Quizá más tarde esté con ataque de llanto por el certamen de investigación cuantitativa (que ha sido el "incordio" del año), mas no importa; sea ahora o sea después, de todas formas igual terminaré hecha un nudo de angustias por la jodida universidad y la etérea posibilidad de adelantar tesis, que ni tema escogido tengo.
Me acuerdo de cuando ingresé a la universidad el año 2007, con toda la impericia y la falta de expectativas sobre mi despeño, poniéndome en el peor de los casos: echarme la carrera al año siguiente. Aquello era consecuencia de mi relación con el profesor de matemáticas del colegio (Osvaldo Prieto: si ves esto, ¡púdrete!), quien en más de una ocasión se refirió a mí como "el punto negro" del curso, una "potencial drogadicta" (?) y una "retardada", lo cual desencadenó la baja autoestima que me persigue hasta el día de hoy. Sin embargo, el estigma de la mediocridad dejó de ser mi principal atributo cuando recibí la nota del primer control de lectura en Literatura Universal: un glorioso 92. Durante los dos primeros años de universidad, mis notas fluctuaban entre el 70 y el 100 -media HUEÁ po-.
En tercero comenzó el derroche de asignaturas, debido a mi inmadurez.

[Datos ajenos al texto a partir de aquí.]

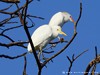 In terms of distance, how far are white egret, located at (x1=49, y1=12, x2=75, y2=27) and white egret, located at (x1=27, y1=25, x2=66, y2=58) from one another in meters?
0.15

Si bien es cierto que ese año fue crítico en varios aspectos de mi vida (era la encarnación posmoderna del joven Werther), el peso de lo académico se hizo insostenible, así que boté algunos ramos de educación... sin pensar que ello me atrasaría un año. En cuarto tomé Currículo y Evaluación I y me lo eché (oficialmente es el único que he reprobado), por consiguiente, debería permanecer un año más en la universidad; el hecho de haber fracasado me deprimió hasta el punto de tomar tres asignaturas y pasar dos: un ramo en examen y otro que era electivo. PA LA CAGÁ.